Veniamo all’oggi. Sono giorni particolari, difficili, giorni in cui in Italia e, allargando gli orizzonti, in Europa e nell’intero mondo, stiamo vivendo un’esperienza dolorosa che ci accomuna. Come valuta quello che sta succedendo?
“Gli antichi pensavano che le catastrofi naturali venissero dalla decisione di un dio adirato. Il diluvio universale per la dissolutezza dei terrestri, la distruzione di Sodoma e Gomorra per il cattivo comportamento dei sodomiti. Oggi nessuno crede più a un dio irato che manda pesti e alluvioni, ma possiamo dire che se mettiamo al posto di Dio la natura, è chiaro che la natura, maltrattata, si rivolta. Tutti questi disastri vengono dall’uomo che, nel suo delirio di onnipotenza, ha trascurato e bistrattato il suo territorio, tanto da stravolgerne le caratteristiche”.
Tutti questi disastri vengono dall’uomo che, nel suo delirio di onnipotenza, ha trascurato e bistrattato il suo territorio
Che cosa resterà all’umanità di questa esperienza del coronavirus?
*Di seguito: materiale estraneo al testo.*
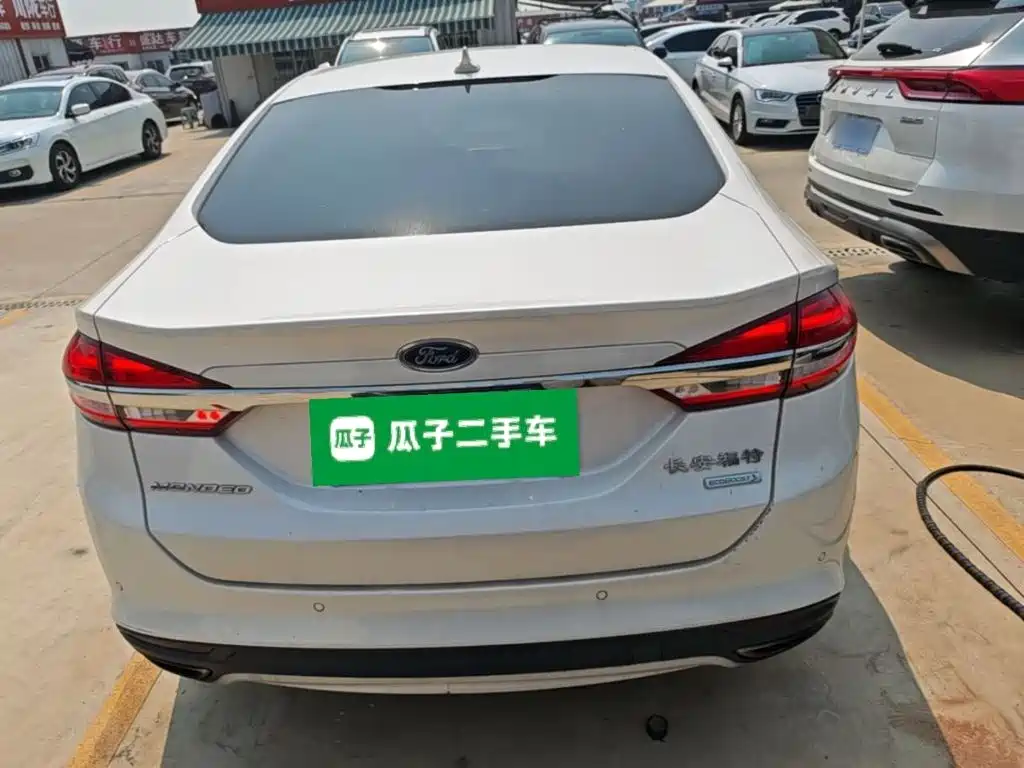 Ford Mondeo — миниатюра 6
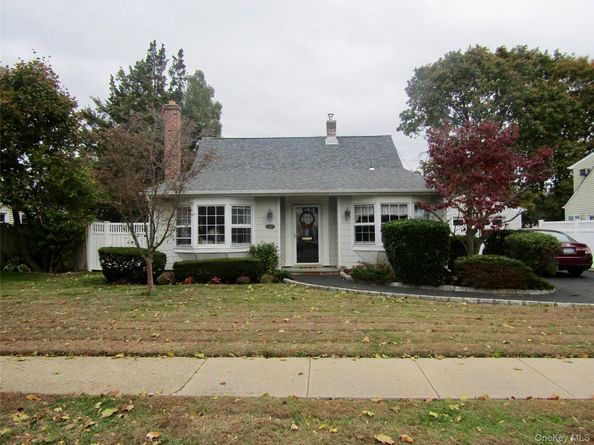 25 Pinetree Lane, Levittown NY 11756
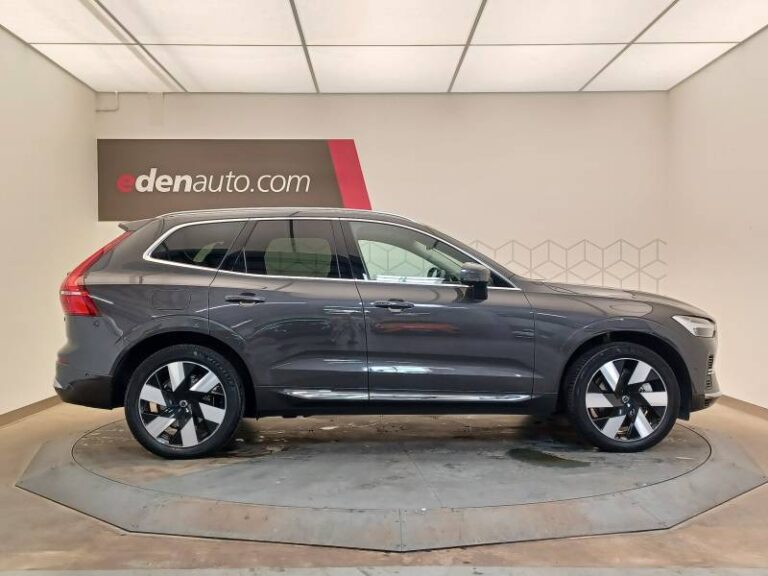 Volvo XC60 T6 AWD Hybride rechargeable 253 ch+145 ch Geartronic 8 Ultra Style Chrome - Image 03 (July 7, 2026)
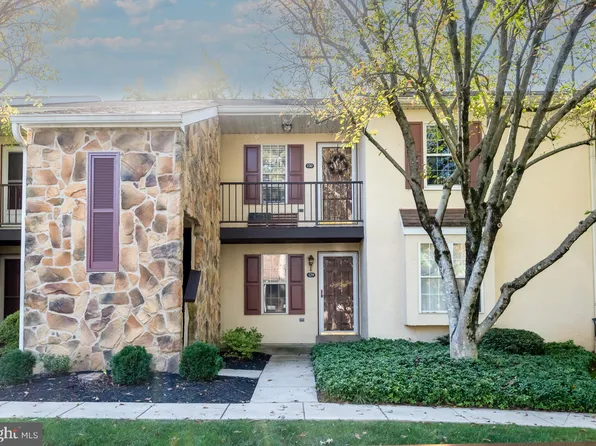 129 Valley Stream Cir, Chesterbrook, PA 19087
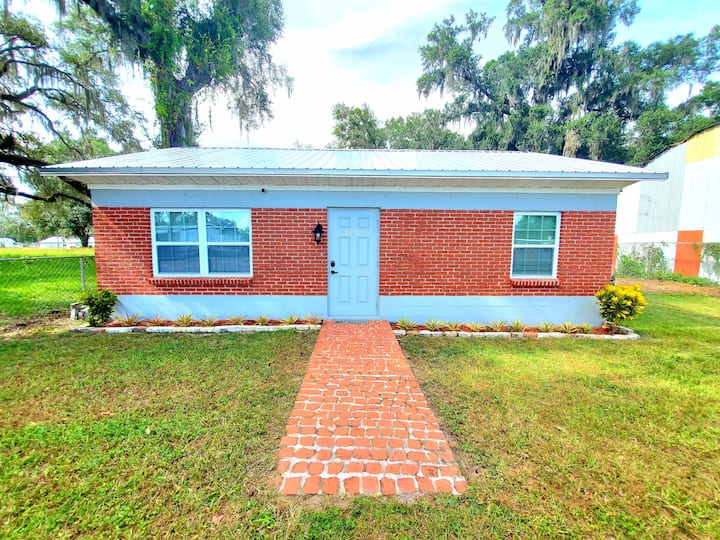 Cheerful Home 2 Bed 1 Bath - Zephyrhills, FL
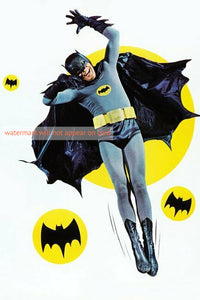 POSTCARD / BATMAN / Adam West / Batman in flight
O almeno, a suo avviso, che cosa dovrebbe restare?
“Credo che questa pandemia ci stia dando una terribile lezione da cui dobbiamo imparare a essere più rispettosi verso la natura, più attenti al nostro rapporto con il pianeta e con gli animali nostri vicini che trattiamo solo in funzione del nostro interesse”.
È vero che questo virus è democratico e colpisce tutti indistintamente. Ma non si rischierà, invece, che si accentuino ancora di più le disuguaglianze? Stare a casa è un lusso che non tutti si possono permettere a lungo…
“Certo, il virus è democratico perché tocca tutti e non fa differenze, ma i risultati, se non cambieremo sistema, ricadranno sui più deboli”.
Per molte donne, poi, l’essere costrette a casa con un compagno violento rappresenta un problema ulteriore, di cui poco si parla. Che fare?
“Anche per questa orribile pratica vanno trovate delle risposte, ma non solo legali e poliziesche. Si deve lavorare sulla cultura, ma cominciando dalle scuole elementari, insegnando ai bambini che l’amore non dà diritto al possesso. Che non si può possedere nessuno e si deve rispettare la libertà delle persone che ci stanno accanto. Alcuni uomini, i più fragili e impauriti, non accettano l’autonomia delle donne che stanno loro accanto e reagiscono con l’odio e la violenza. Anche su di loro si dovrebbe agire in senso culturale insegnando che i tempi cambiano, le donne conquistano nuove libertà e loro devono accettarle anche se vengono soppressi alcuni privilegi”.
Ci sono tante persone che stanno tenendo diari, alcuni online, raccontando questi giorni di vita sospesa e rovesciata. Come valuta questa necessità di raccontarsi? E come, per uno scrittore, questo può essere un periodo fecondo?
“I racconti sono la materia di cui è fatta la Storia. Poi verranno gli studiosi a raccogliere queste testimonianze e a trarne una visione di insieme”.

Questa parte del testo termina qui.